Building in Manhattan, New York (destroyed 1867)

The Appleton Building occupied the front of a small block which was bounded by Broadway, Leonard Street, and Catharine Alley in New York City. It stood on the site of what is now 346 Broadway, was four stories tall, and was constructed entirely of brown stone. It was a familiar landmark in a quickly changing Broadway of the mid-19th century. It was one of Broadway's oldest buildings.

==History==

The Appletons were publishers who left the address for offices at a marble store located at 343 and 345 Broadway, in April 1860. Afterward
the Appleton Building underwent considerable alterations prior to welcoming its new tenants, Graybon, McCreary, & Co., dry goods merchants.
They leased the entire establishment after relocating from Park Place. The firm occupied the entire ground floor and basement for their own business.

The building was the home of S.B. Chittenden & Company, wholesale dealers and importers of dry goods of all types. It was owned by Messrs. Appleton & Company and valued at $250,000, at the time of its destruction.
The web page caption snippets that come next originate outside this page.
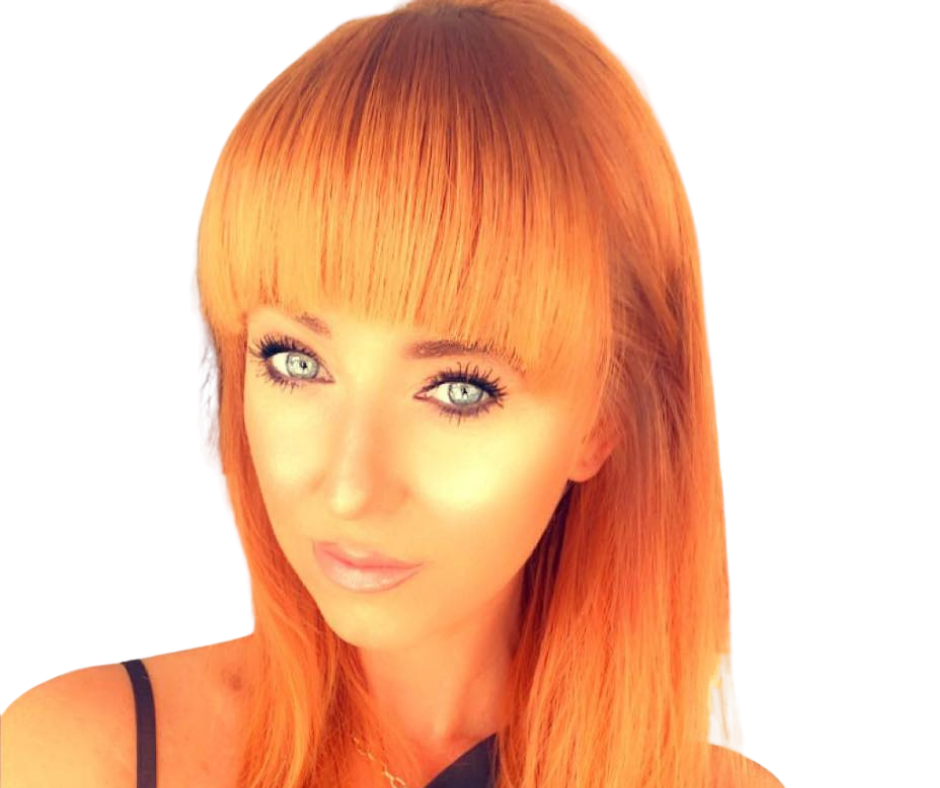 Singer with dark hair and band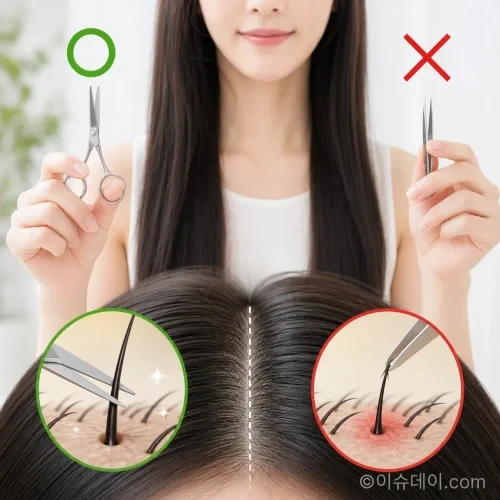 새치를 뽑는 족집게와 자르는 가위를 비교하며 올바른 관리법을 보여주는 이미지
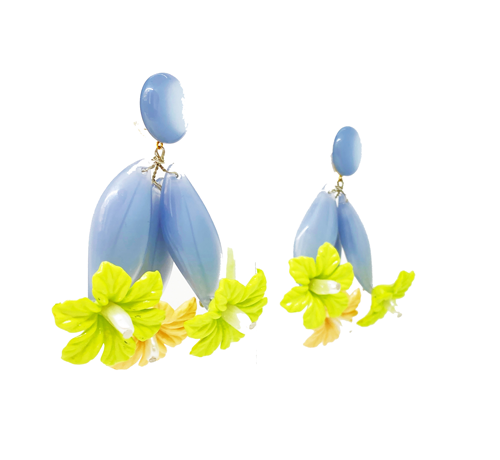 Triple flower hoops in lime and light blue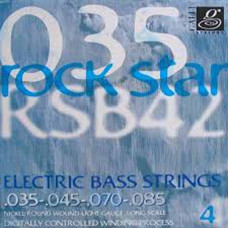Струни для бас-гітари Gallistrings RSB42 (.035-.085), Rock Star, LIGHT, Nickel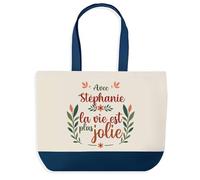 Planetee Sac de shopping bleu Stéphanie la vie est plus jolie | Grand sac de course provision, Cadeau Fête des Mères Anniversaire Soeur Noël Tata Marraine
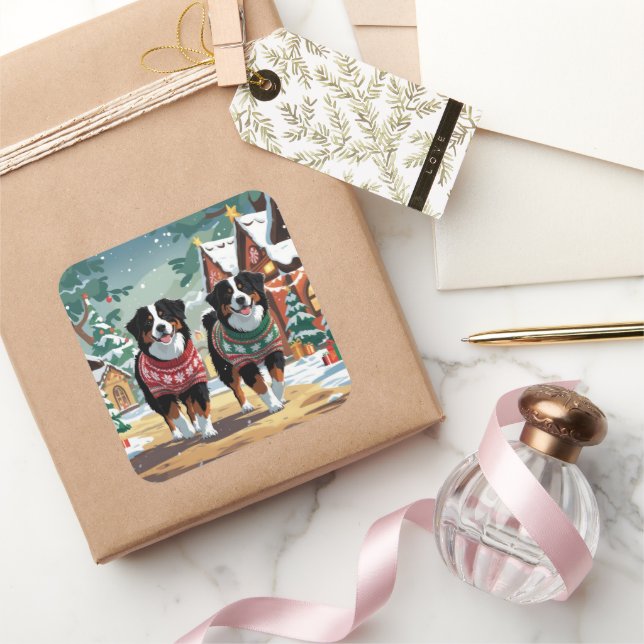 Bernese Mountain Dogs Christmas Snow Holiday Square Sticker (Gifting)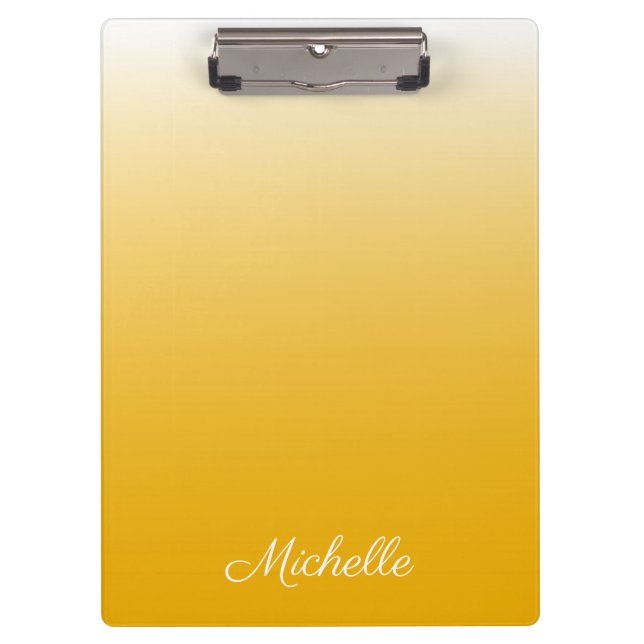 Personalised gradient ombre yellow clipboard (Front)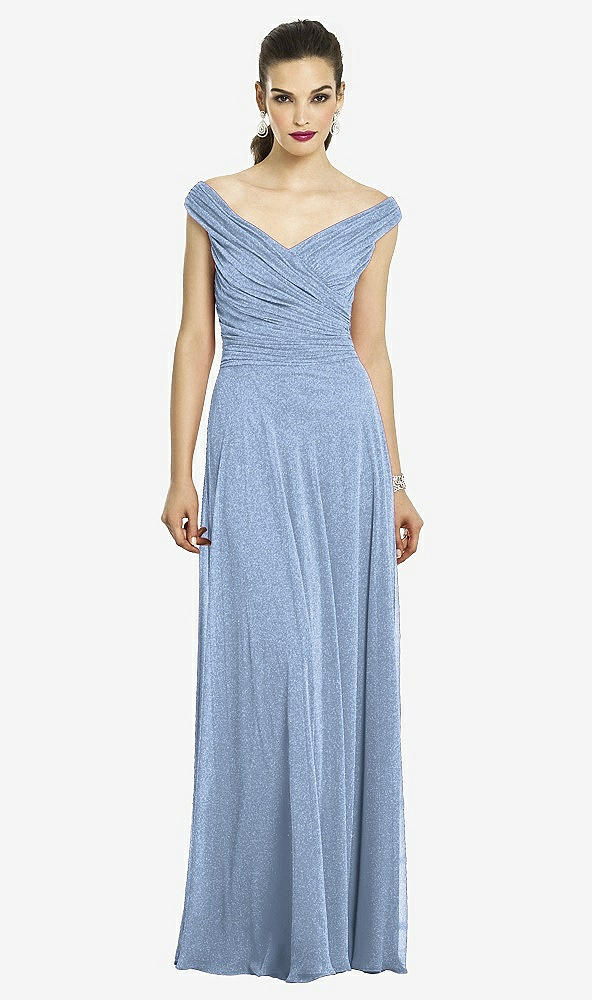 Front View - Cloudy Silver After Six Shimmer Bridesmaids Dress 6667LS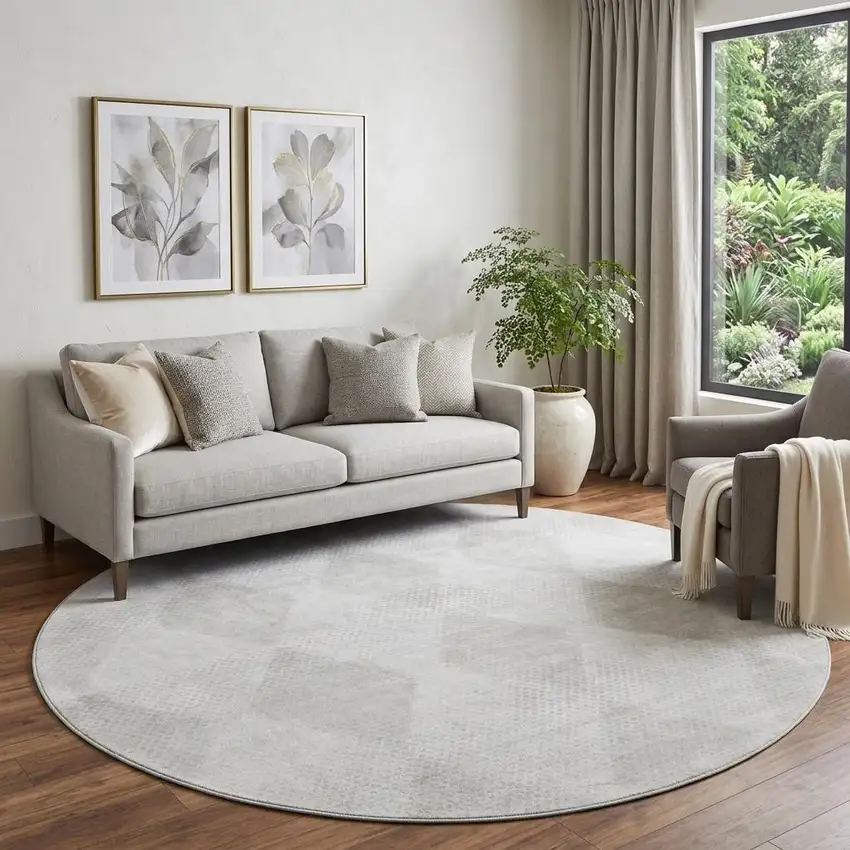 8' Ivory And Silver Geometric Washable Round Rug With UV Protection Photo 1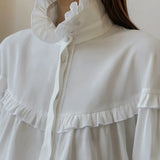 Woherb Women's Wear Early Spring 2024 New Shirt Women's French Lapel Lantern Sleeve Lace Design Sense Loose White Shirt-Outfit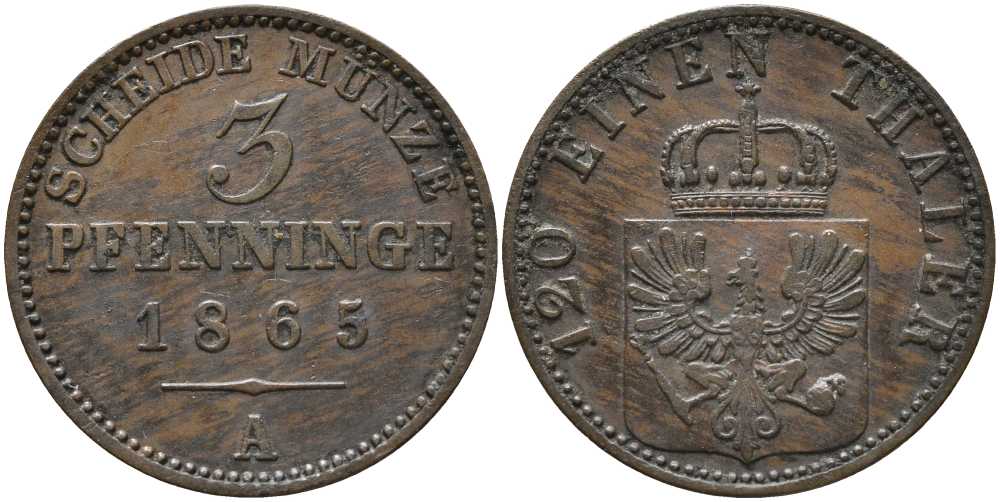 ПРУССИЯ 3 ПФЕННИГА 1865 А, ВИЛЬГЕЛЬМ I (1861-1888) KM 482 медь 4448-1127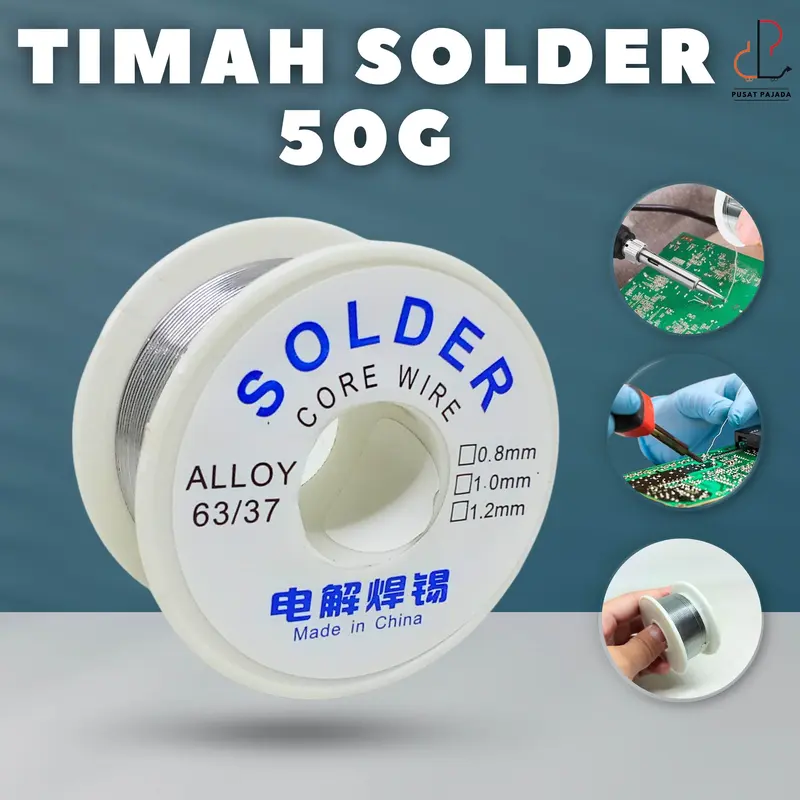 Lead Roll Soldering Timah Kawat Solder Gulung Diameter 0,8mm 50g 63/37 Wire Tinol Tenol Elektronik Uk 0,8 mm 50 Gram Logam 1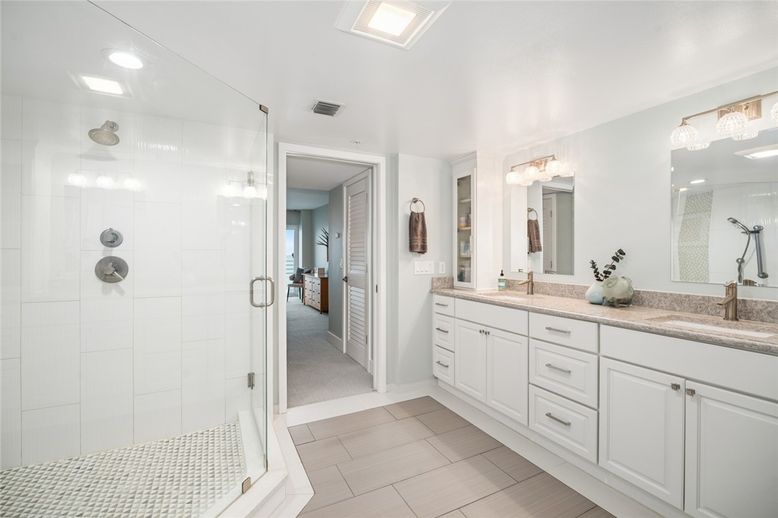 Bathroom, Dual Sink Vanities, Glass Shower, Interior, Recessed Lighting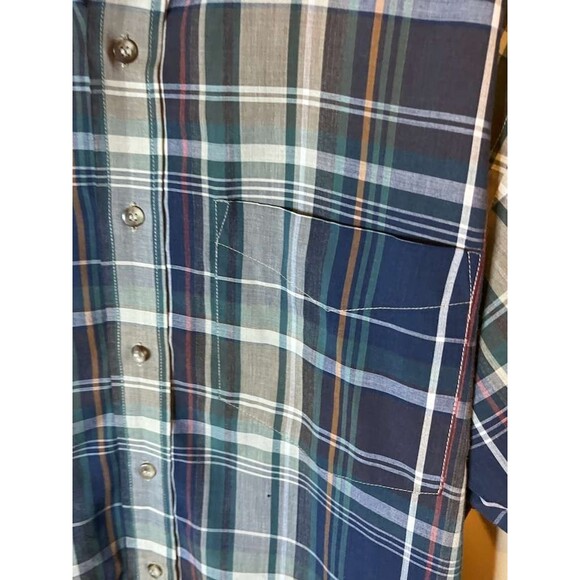 Van Heusen Mens Large Tall Blue Plaid Short Sleeve Button Up Shirt - Picture 3 of 4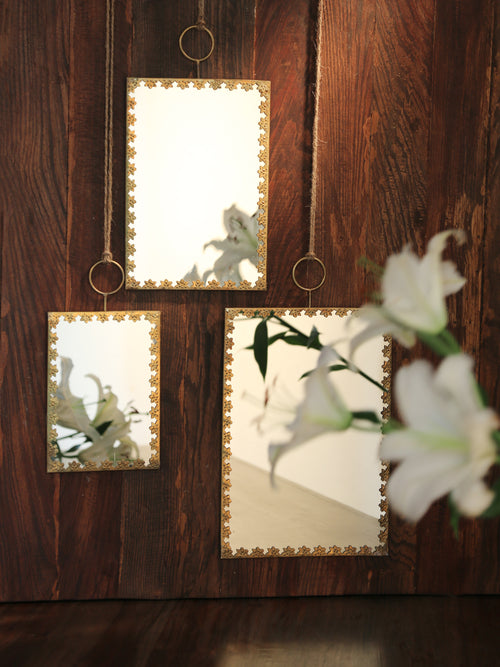 Wall Mirrors with metal details set of 3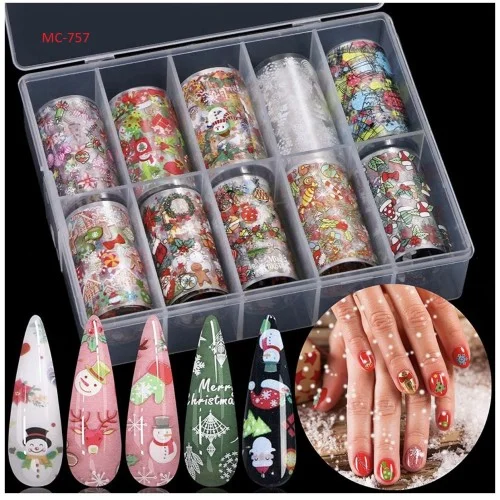 Χριστουγεννιάτικα Foil Nail Art σε Κασετίνα 10 τεμαχίων 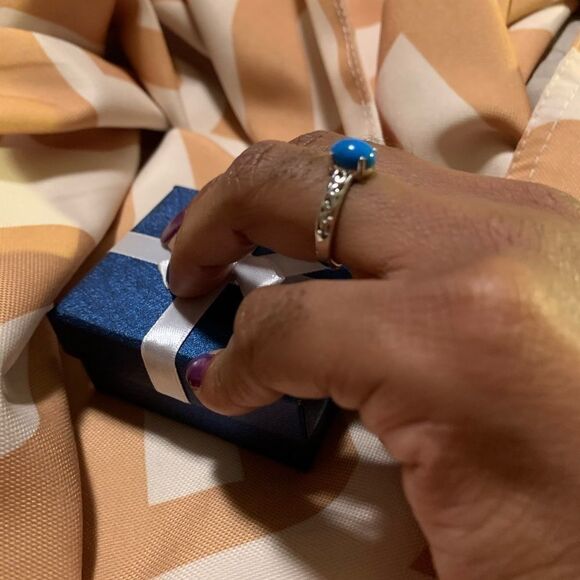 Ceruleite Sterling Silver Platinum Ring-8 - Picture 5 of 10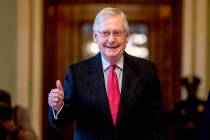 FILE - In this March 25, 2020, file photo, Senate Majority Leader Mitch McConnell, R-Ky. gives ...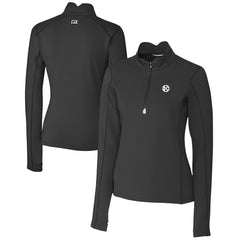 Pittsburgh Steelers Cutter & Buck Women's Traverse Stretch DryTec Quarter-Zip Top Black | NFL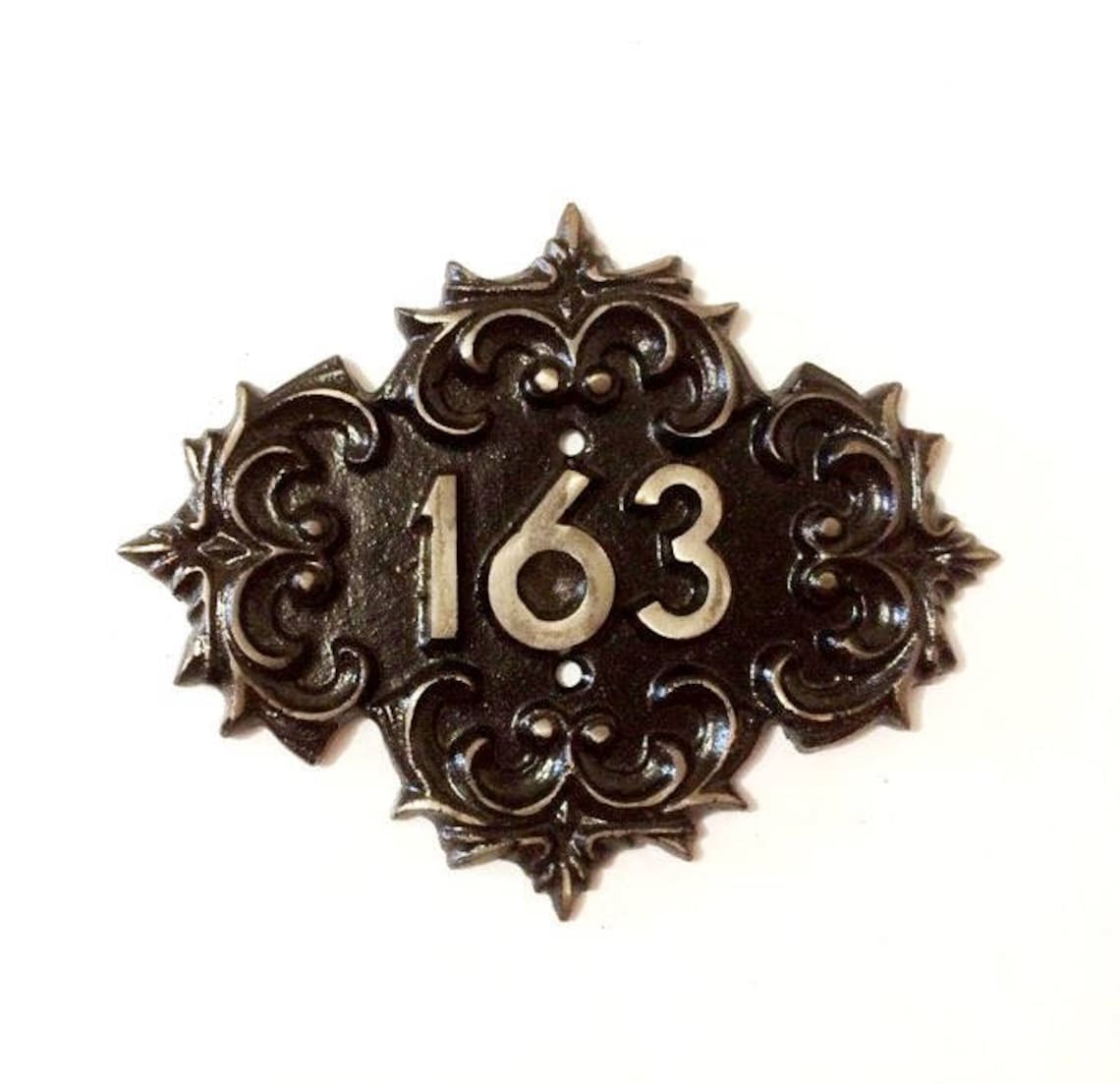 Vintage cast iron door number sign 163 soviet made apt room Etsy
Appleton & Company took over its ownership after it was vacated by the Society Library. In March 1854 Geo. Carstensen and Chs. Gildemeister, architects, maintained their offices in the building. In January 1855 the firm of Foster, Dixon & Company was giving lessons in writing, mathematics, and bookkeeping at 346 Broadway. Men who answered their The New York Times advertisement would be quickly prepared for a career in the counting house. The New York Book Publishers' Association held a meeting at their Appleton Building offices on September 12, 1855. Its members attended with association Vice President, A.S. Barnes, presiding. C.C. Marsh, an accountant, advertised practice for bookkeeping and mercantile affairs at 348 Broadway in February 1857.

==Cartoons of Raphael==

Charles B. Norton, a bibliographical agent at the Appleton Building, secured for sale in New York City, fine paper copies of a series of impressions of Raphael cartoons. These were obtained from the government plates at Hampton Court in December 1859. They measured 38 X 25 inches. Produced by Day & Son, engravers to Queen Victoria, a set of seven cartoons sold for $10 in New York.

==Destroyed by fire==

The structure burned on February 12, 1867, during an intense fire which was discovered by an officer of the 6th precinct at 5:40 a.m.
Within an hour's time, flames had engulfed the huge and isolated building. E.S. Jaffray & Company, a dry goods house, which occupied the building on the north side of Leonard Street, was engulfed by flames in its upper floors. Nearly all of its windows were burned but the flames were quickly extinguished. S.B. Chittenden sustained a loss estimated between $800,000 and $1 million. The business had only a few days prior rejected an offer of $100,000 to lease the Appleton Building. The structure was a total loss.